True, 1080i and 1080p aren't the same thing, but they are the same resolution. Let the argument commence......

......What about 1080p?
Yes, what about it? Your 1080p TV accepts many different resolutions, and converts them all to 1,920x1,080 pixels. For most sources, this is from a process known as upconversion. Check out my article, appropriately called " What is upconversion ?" for more info on that process.

When your TV is sent a 1080i signal, however, a different process occurs: deinterlacing. This is when the TV combines the two fields into frames. If it's done right, the TV repeats each full frame to create 60 "fps" from the original 30.

If it's done wrong, the TV instead takes each field, and just doubles the information. So you're actually getting 1,920x540p. Many early 1080p HDTVs did this, but pretty much no modern one does. In a TV review, this is the main thing we're checking when we test deinterlacing prowess.*

http://hometheater.about.com/od/televisionbasics/qt/1080ivs1080p.htm

http://hometheaterhifi.com/technica...ion-1080p-tv-why-you-should-be-concerned.html

If the TiVo menu is native 1080p, then I see the point you're making, but it is still the same resolution, period, and the quality of the end result on the display is still dependent on the scaling and deinterlacing of whatever is in the chain AFTER the TiVo (receiver, scaler, Display Device). If TiVo throws away half those fields, then that's on them.


----------



## Dan203 (Apr 17, 2000)

That's not what I'm saying though. With interlaced the camera still takes a picture 60 times per second. But it only stores half the vertical lines for each one. Odd for one, even for the next, etc..., etc... If you combine two of those samples then they do equal 1080 lines of resolution, but they are not from the same moment in time so they are not technically a single frame. There is about a 17ms difference between the odd lines and the even lines. This is what causes the tearing effect you see when you watch an interlaced source on a progressive display. TVs use deintelacing to reduce or eliminate the tearing, but if they're dealing with a static image, like a UI, rather then a moving picture they can actually cause a blurring effect.

And the Roamio does output full 1080p/60, so it's true 1080p.


----------



## HarperVision (May 14, 2007)

I think you're still confused Dan. And 1080i is actually better for still images, not worse. It's the motion that trips it up. 1080i's just scanned differently (60 fields/sec) vs 1080p's 30 frames/sec. It's the same. 2 fields equals 1 frame, so with good deinterlacing, they're equal. 1080p60 is just 1080p(30x2) or even 24x2 for films/Blu-rays. NO content the TiVo currently receives is broadcast at true 1080p60 so what I said is applicable and 100% true.

P.S. - if you don't believe me, ask Joe Kane, Stacey Spears, Kris Deering and a host of other experts in this field.


----------



## Dan203 (Apr 17, 2000)

I am an expert in this field. I write video editing/encoding software for a living. 

Let me explain how it works... with progressive video they take a full picture of whatever is in front of the lens X times per second.

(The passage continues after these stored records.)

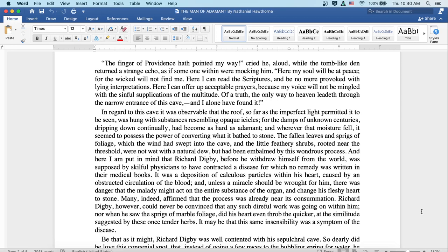In regard to this cave, it was observable that the roof, so far as the imperfect light permitted to be seen, was hung with substances resembling opaque icicles, for the damps of unknown centuries, dripping down continually, had become as hard as adamant. And wherever that moisture fell,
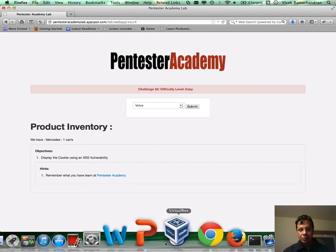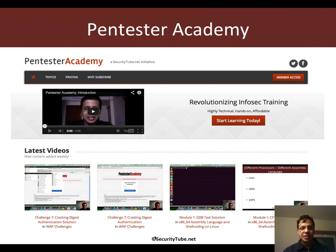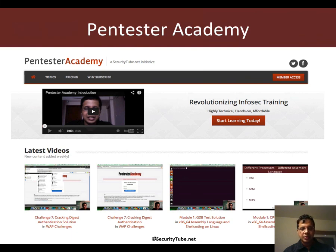So all the best. And if you are enjoying your time here at Pentester Academy, we would really appreciate if you can recommend us to your friends and colleagues in the InfoSec community. Thank you.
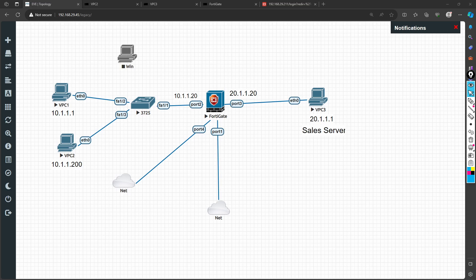Hi, welcome back. In today's session I'm going to cover how to take a backup in FortiGate firewall. This is the topology I am using, but it's not really required because I'm just taking the backup. I will log into the firewall and show you how to take the backup, but before that let's understand why we need backups.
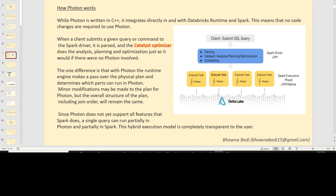Now, how does Photon exactly work? In your normal Spark architecture, you give your code to the Spark driver node, the whole plan is created — your unresolved logical plan, then a resolved logical plan, and then a physical plan. When you enable Photon, everything remains the same, but the engine passes over the physical plan and tries to determine which parts of the query will actually run on Photon. You can go ahead and see in the plan which part ran on Photon and which part ran on the normal Databricks runtime.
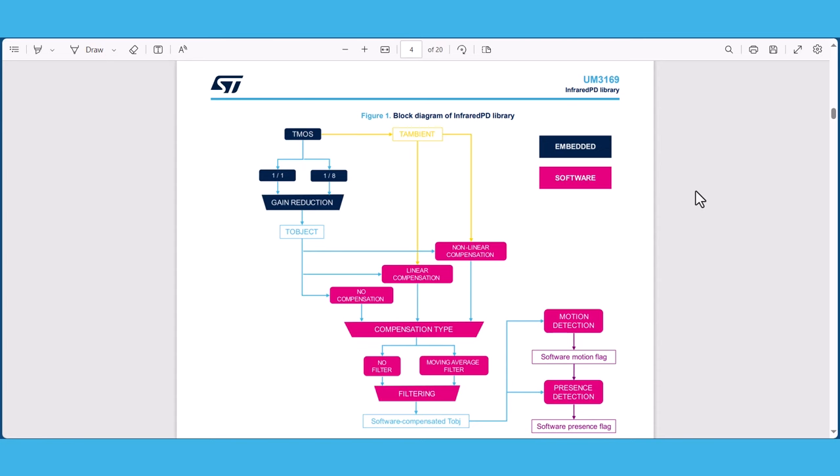The library also provides an option to filter the compensated object temperature data. This is important because compensation can introduce the noise of the t-ambient output data in the compensated t-object data. By default, the library uses a moving average filter to filter the compensated object temperature data. This filter helps to maintain the same signal to noise ratio as the raw object temperature data, but it can introduce a delay that depends on the ODR and the number of average samples for t-object.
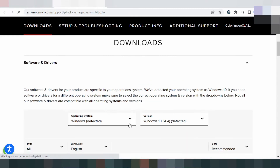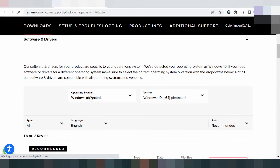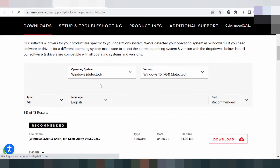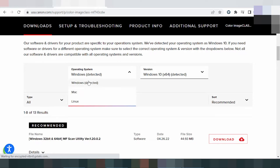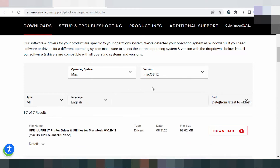Click here. This will automatically detect your operating system. If you need to change it, click here. There are three operating system options: Windows, Mac, and Linux.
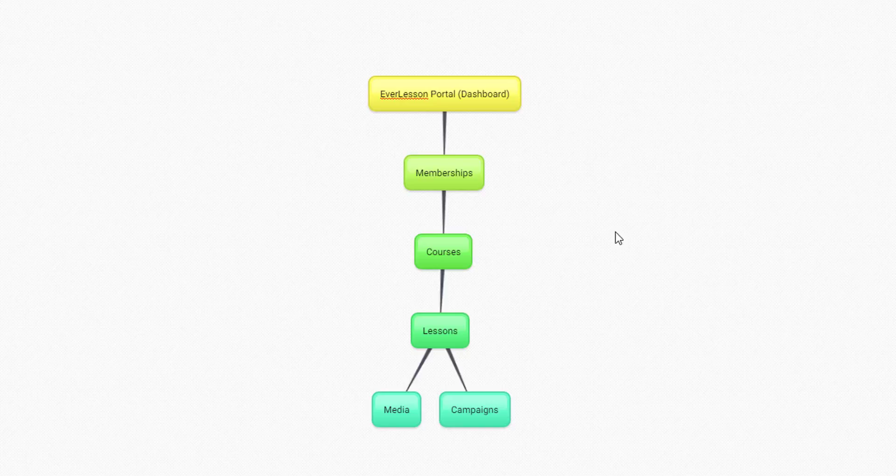Pretty straightforward, but I just wanted to make sure that you understood exactly how everything is laid out.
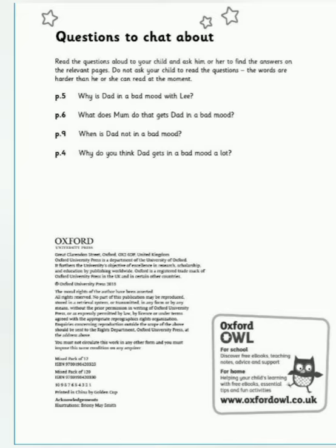Questions to chat about. Why is Dad in a bad mood with Lee? What does Mum do that gets Dad in a bad mood? When is Dad not in a bad mood? Why do you think Dad gets in a bad mood a lot?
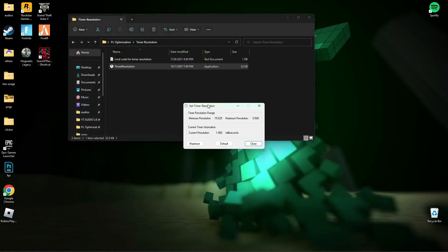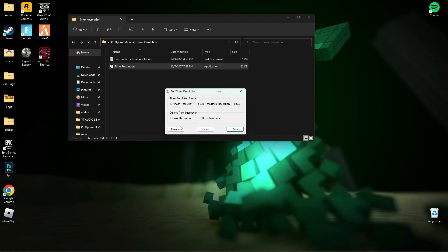Now open Timer Resolution, then press Maximum, and minimize it while you play the game.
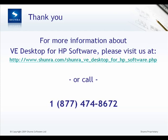For more information about VE Desktop for HP Software, please visit us at the website below or call us at 1-877-474-8672. Thank you.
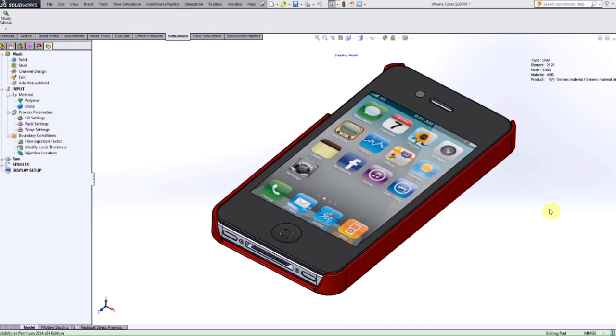Hi everyone, my name is Silvia Perez and I'm an application engineer here at Hawk Ridge Systems. Today I'll be going over what is required to get the option to export the new in-mold residual stresses from plastics to SolidWorks simulation.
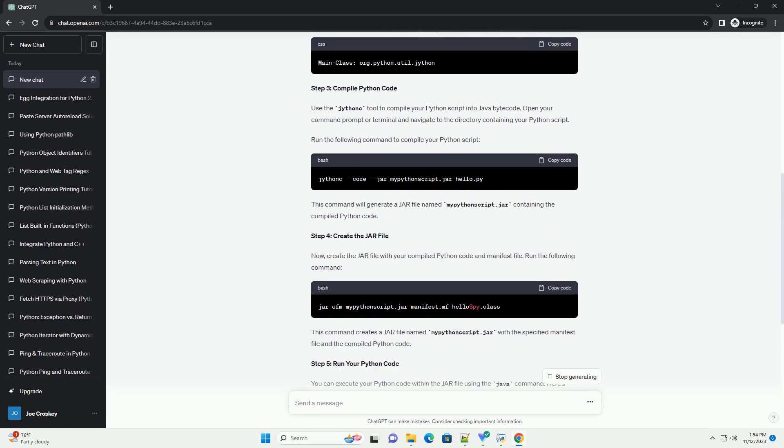Jython is an implementation of Python that runs on the Java Virtual Machine, JVM, allowing Python and Java code to seamlessly work together. In this tutorial, I will walk you through the process of creating a jar file containing Python scripts using Jython.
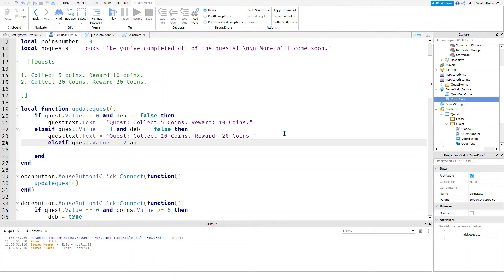To show you this works, I'll click Play and do some quests. Oh, I forgot something — I forgot to add the coin collecting, so now I can't collect coins. I'll be back in a bit once I have it all set.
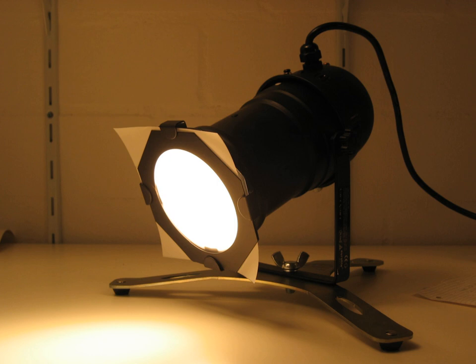A parabolic aluminized reflector lamp is a type of electric lamp that is widely used in commercial, residential, and transportation illumination.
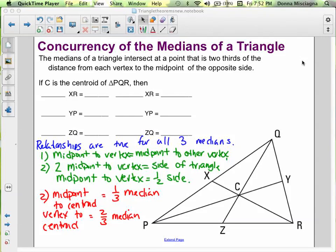Welcome. In this podcast, we're going to learn some information about the medians of a triangle, as well as solve some problems with medians of a triangle. The medians of a triangle intersect at a point that is two-thirds of the distance from each vertex to the midpoint of the opposite side.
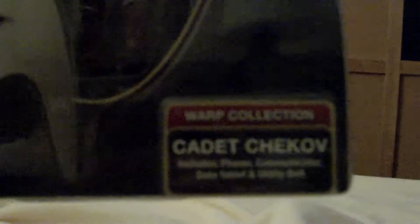Here is a review on the Star Trek Collection Cadet Checkout. First, let's go over the box. The box is pretty good. Star Trek symbol and everything.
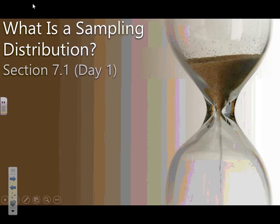So the first thing we're going to talk about: we're going to spend today and tomorrow basically talking about what a sampling distribution is. It's going to be an extremely important topic. Everything we do from here on is kind of based on this idea of sampling distributions. So we need to understand what they are, what they represent, how to work with them, and then how we can use them to make inferences.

So 1080p/24 is taking 24 full resolution shots every second, 1080p/30 is taking 30 and 108p/60 is taking 60. With interlaced video they still take 60 shots per second but they only store half the frame, every other line, alternating between odd and even. So while a 1080i video technically has the same number of pixels as a 1080p/30 video, every other line in a give "frame", after the fields are combined, is actually from a different moment in time. This creates a mismatch which results in tearing effect you see if filtering is not applied.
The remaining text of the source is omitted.